惠娘原也是怕自家娘子得罪了世子,才說了這麼句,見自家娘子似乎有些不高興了,忙應下,「是奴婢失言了,娘子別惱。」
江晚芙自然不捨得和惠娘生氣,神色柔和下來,道,「惠娘,你讓陳叔去問問,看看有沒有從蘇州寄來的信。算算日子,若是走得快的話,阿弟也該給我回信了。」
朝廷這些年專門開了寄信的驛站,從蘇州到京城的話,若只單單是信件,約莫十來日就能到。
惠娘當即應下,出去尋自家男人去了。
回來後,惠娘就道,「去問過了,說是沒有。

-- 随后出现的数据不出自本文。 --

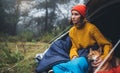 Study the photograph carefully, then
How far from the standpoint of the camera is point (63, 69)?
4.38 m

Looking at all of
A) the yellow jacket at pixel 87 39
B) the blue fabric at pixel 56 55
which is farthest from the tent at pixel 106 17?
the yellow jacket at pixel 87 39

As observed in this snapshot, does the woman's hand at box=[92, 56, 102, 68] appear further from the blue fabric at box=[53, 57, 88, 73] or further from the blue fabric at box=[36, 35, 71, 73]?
the blue fabric at box=[36, 35, 71, 73]

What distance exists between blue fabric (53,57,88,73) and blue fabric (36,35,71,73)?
35 centimetres

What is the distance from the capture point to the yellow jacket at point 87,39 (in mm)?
4625

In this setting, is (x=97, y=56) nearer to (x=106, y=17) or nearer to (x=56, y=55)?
(x=56, y=55)

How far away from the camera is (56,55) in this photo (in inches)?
199

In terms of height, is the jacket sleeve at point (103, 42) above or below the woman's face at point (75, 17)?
below

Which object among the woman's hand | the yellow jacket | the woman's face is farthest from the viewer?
the woman's face

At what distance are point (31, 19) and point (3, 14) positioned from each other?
9.34 feet

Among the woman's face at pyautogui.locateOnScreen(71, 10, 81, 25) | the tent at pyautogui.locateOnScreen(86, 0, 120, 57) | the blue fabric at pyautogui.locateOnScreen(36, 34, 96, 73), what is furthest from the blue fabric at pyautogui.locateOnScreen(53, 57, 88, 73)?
the tent at pyautogui.locateOnScreen(86, 0, 120, 57)

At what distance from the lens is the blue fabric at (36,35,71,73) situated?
→ 4.83 meters

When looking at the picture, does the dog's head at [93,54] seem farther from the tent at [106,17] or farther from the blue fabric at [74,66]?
the tent at [106,17]

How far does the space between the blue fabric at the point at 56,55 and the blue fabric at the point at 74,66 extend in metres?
0.35

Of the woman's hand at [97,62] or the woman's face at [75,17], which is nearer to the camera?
the woman's hand at [97,62] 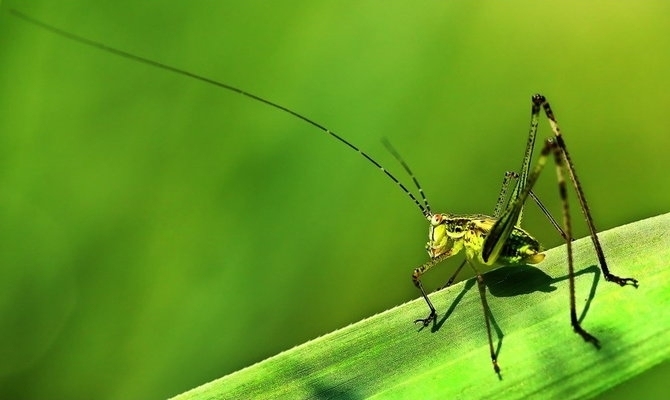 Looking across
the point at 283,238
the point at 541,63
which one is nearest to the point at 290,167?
the point at 283,238

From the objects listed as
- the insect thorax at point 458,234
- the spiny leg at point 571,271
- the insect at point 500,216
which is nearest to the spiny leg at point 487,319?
the insect at point 500,216

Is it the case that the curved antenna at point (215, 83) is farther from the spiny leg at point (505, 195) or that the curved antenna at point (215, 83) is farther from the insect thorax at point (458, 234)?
the spiny leg at point (505, 195)

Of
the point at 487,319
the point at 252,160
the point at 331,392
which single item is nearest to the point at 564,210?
the point at 487,319

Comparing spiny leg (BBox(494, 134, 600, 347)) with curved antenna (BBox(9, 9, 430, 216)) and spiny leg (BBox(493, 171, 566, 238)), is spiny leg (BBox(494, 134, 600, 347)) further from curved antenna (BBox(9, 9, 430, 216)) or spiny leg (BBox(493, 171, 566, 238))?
curved antenna (BBox(9, 9, 430, 216))

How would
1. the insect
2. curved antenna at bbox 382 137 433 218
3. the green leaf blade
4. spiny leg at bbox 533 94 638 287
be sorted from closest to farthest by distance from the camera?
the green leaf blade < spiny leg at bbox 533 94 638 287 < the insect < curved antenna at bbox 382 137 433 218

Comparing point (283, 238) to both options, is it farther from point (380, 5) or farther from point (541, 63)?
point (541, 63)

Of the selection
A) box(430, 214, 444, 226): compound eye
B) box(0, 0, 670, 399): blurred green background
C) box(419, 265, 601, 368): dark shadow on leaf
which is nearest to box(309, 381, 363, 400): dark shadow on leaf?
box(419, 265, 601, 368): dark shadow on leaf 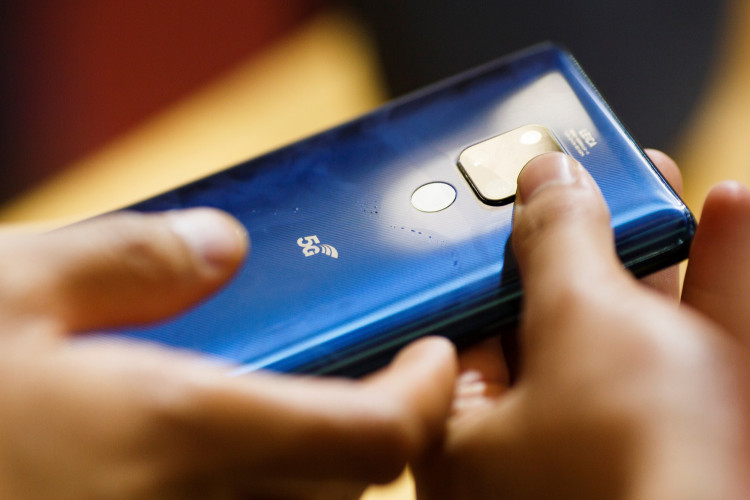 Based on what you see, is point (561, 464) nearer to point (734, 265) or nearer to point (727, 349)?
point (727, 349)

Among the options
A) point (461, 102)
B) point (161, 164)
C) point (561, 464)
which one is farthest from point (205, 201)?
point (161, 164)

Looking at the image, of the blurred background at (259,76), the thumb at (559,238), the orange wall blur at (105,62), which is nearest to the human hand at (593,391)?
the thumb at (559,238)

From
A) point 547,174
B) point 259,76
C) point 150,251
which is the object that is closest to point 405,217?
point 547,174

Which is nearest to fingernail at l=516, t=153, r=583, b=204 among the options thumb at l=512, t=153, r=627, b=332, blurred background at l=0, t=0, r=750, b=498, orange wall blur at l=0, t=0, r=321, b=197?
thumb at l=512, t=153, r=627, b=332

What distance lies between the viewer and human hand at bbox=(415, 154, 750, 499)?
0.34 metres

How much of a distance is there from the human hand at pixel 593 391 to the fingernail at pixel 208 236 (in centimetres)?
19

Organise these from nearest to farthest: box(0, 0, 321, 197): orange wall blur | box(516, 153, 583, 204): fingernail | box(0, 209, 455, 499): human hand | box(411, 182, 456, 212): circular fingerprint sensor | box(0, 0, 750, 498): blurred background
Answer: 1. box(0, 209, 455, 499): human hand
2. box(516, 153, 583, 204): fingernail
3. box(411, 182, 456, 212): circular fingerprint sensor
4. box(0, 0, 750, 498): blurred background
5. box(0, 0, 321, 197): orange wall blur

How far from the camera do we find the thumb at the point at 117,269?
0.33 meters

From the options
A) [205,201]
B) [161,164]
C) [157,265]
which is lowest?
[157,265]

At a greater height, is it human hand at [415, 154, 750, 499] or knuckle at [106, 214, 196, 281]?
knuckle at [106, 214, 196, 281]

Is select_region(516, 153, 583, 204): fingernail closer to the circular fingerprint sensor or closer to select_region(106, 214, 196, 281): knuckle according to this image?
the circular fingerprint sensor

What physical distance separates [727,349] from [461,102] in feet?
1.07

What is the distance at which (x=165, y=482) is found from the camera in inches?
11.9

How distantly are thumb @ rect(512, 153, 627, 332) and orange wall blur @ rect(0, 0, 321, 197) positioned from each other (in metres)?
0.82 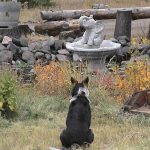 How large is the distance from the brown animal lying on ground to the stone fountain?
300 cm

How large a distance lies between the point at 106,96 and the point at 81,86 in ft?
9.67

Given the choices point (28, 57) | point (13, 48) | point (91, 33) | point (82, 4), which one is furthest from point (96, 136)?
point (82, 4)

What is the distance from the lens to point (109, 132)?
891 centimetres

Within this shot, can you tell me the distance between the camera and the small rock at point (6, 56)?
49.9ft

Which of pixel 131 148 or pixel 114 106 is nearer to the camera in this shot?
pixel 131 148

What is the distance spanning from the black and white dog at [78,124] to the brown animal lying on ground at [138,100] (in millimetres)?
2149

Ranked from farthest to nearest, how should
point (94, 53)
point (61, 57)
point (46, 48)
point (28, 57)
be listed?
point (46, 48)
point (61, 57)
point (28, 57)
point (94, 53)

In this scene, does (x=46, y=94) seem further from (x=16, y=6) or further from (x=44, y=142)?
(x=16, y=6)

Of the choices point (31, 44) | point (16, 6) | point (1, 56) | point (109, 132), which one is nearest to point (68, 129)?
point (109, 132)

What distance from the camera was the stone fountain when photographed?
13.1 meters

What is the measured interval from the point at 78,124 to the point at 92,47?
5669 mm

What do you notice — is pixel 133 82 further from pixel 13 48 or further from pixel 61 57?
pixel 13 48

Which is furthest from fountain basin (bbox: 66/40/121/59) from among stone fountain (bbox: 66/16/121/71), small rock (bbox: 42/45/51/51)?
small rock (bbox: 42/45/51/51)

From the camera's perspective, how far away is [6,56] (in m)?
Answer: 15.4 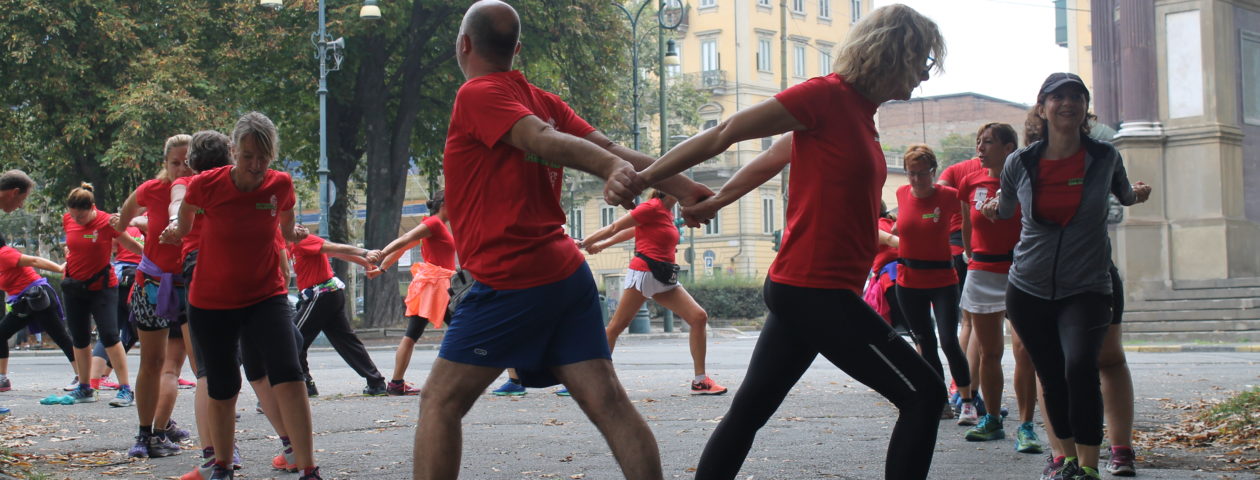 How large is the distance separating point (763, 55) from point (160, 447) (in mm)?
70613

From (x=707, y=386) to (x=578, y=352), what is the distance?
22.8ft

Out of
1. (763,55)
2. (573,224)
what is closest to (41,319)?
(573,224)

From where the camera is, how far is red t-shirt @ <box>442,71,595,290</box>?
13.0 ft

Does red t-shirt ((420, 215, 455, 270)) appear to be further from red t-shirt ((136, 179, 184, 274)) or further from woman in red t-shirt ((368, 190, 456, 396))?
red t-shirt ((136, 179, 184, 274))

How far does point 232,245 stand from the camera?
553 cm

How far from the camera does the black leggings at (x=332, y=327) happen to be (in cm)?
1041

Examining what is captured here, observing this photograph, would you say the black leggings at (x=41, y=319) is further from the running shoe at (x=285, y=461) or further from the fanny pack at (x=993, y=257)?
the fanny pack at (x=993, y=257)

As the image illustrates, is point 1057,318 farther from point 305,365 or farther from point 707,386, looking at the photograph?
point 305,365

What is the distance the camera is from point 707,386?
1085 cm

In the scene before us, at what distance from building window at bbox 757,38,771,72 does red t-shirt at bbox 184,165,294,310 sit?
71.3 metres

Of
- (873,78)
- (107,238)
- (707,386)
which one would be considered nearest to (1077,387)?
(873,78)

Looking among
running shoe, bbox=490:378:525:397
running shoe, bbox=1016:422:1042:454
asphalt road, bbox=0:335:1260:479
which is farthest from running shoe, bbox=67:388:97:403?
running shoe, bbox=1016:422:1042:454

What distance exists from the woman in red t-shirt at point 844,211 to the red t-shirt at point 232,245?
84.3 inches

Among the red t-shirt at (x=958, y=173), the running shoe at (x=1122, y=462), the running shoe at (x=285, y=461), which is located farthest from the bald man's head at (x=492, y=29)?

老陳說了,打明日去,他每日去驛站問兩回,娘子放心,小郎君的信一到,保准第一時間送到您手裡。」
江晚芙聽罷,有些失望,就道,「沒事,陳叔不是還有鋪子的事要忙嗎?隔三差五去問一問就行了。」
惠娘應下,又將自家男人最近幹的事一一說了。
江晚芙這些年手裡攢了些銀子,後來祖母去世,又給她留了些,還有母親的嫁妝,盤一盤,也算一筆不小的數目。原本這些是她日後的嫁妝,但江晚芙想著,留在手裡也是浪費,索性抽出一部分,在京城盤個宅子,日後阿弟必然是要來京城考試的,父親和繼母是指定靠不上的,唯有她自己多費些心。
這事自然就交給陳叔去辦了。
京城連米價都比蘇州貴了一半,宅子自不必說,又貴又緊俏,陳叔忙了這麼多日,才算有些眉目了。